Metaverse mass adoption challenge
Naturally, there is still much scepticism from external businesses. Angela Ashenden, principal analyst of workplace transformation at CCS Insight, questions whether companies are likely to meet and do business in the metaverse en masse, any time soon. “It will be several years before organizations feel the need to provide every employee with a VR or augmented reality device as they do with mobile phones or laptops, which would allow virtual meetings to become normalized.”
She added that the virtual collaboration use case for extended reality will likely be consumer-led like mobile phones, rather than enterprise-led, as AR has been so far.
Major organizations have gone all in on trialling having a workplace presence in the metaverse. Management consultancy Accenture created a virtual campus for all 150,000 of its new hires to onboard through, earlier this year. Elsewhere, Wunderman Thompson, a global advertising agency network ran an onboarding event in the Metaverse for all employees who joined the company during the pandemic.

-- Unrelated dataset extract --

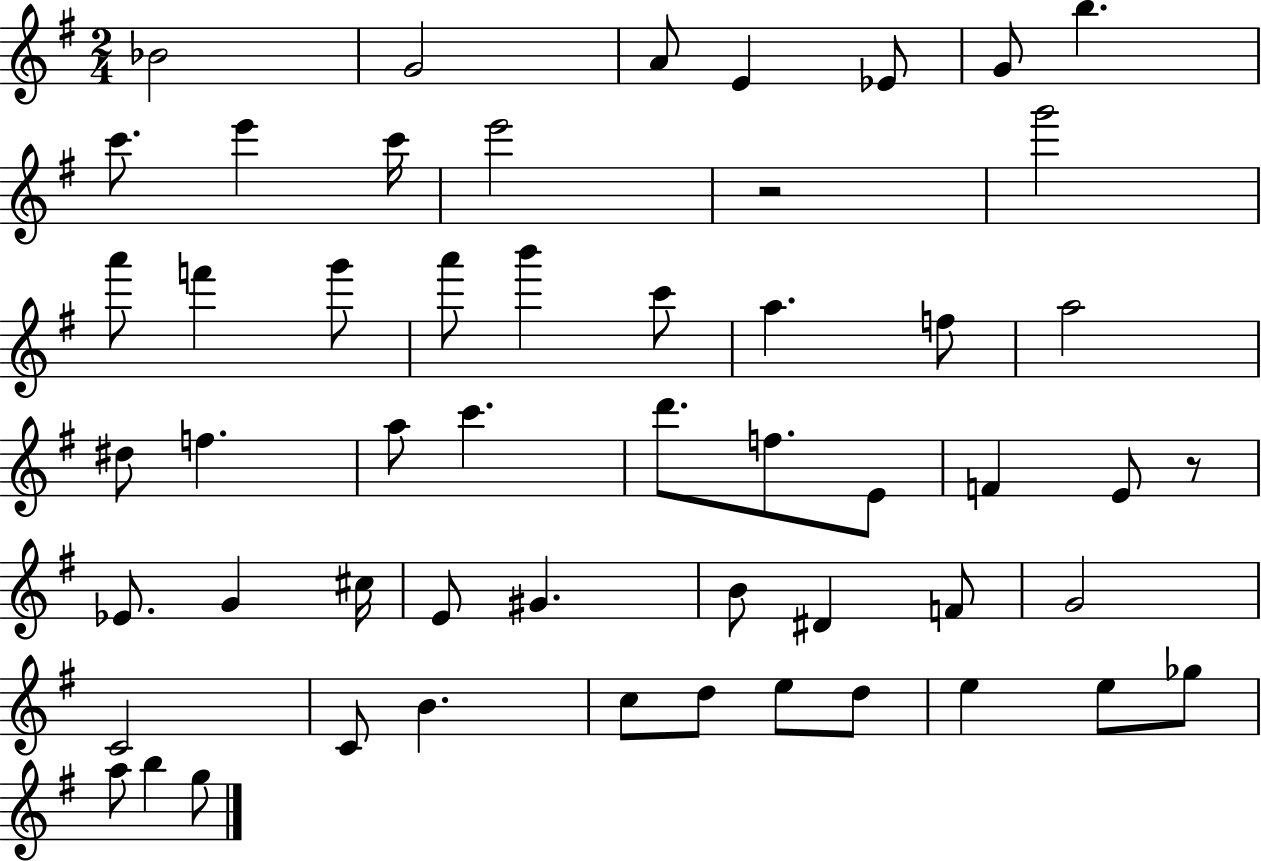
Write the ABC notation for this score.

But so far, they’re in the minority.
And whether or not the metaverse will have a central role in the future of work, is unclear. “The metaverse is incredibly intangible at the moment,” said Tom Ffiske, the editor of the Immersive Wire, a newsletter about metaverse developments. “Besides, even if the pain points are addressed, there are myriad factors to consider.” These include the input methods, such as VR or AR, why people will want to enter the metaverse “when video meetings are easier at times,” and whether organizations using Workplace need all the functions.
Tushar Agarwal, CEO and co-founder of U.K.-based workplace finder Hubble, was more optimistic. “There are virtual office platforms that are being created and gathering steam such as Gather, Cosmos, and SoWork that are bringing the metaverse to our working lives,” he said. “As we move further towards a hybrid future, these virtual office platforms will become a crucial part of the workplace mix.”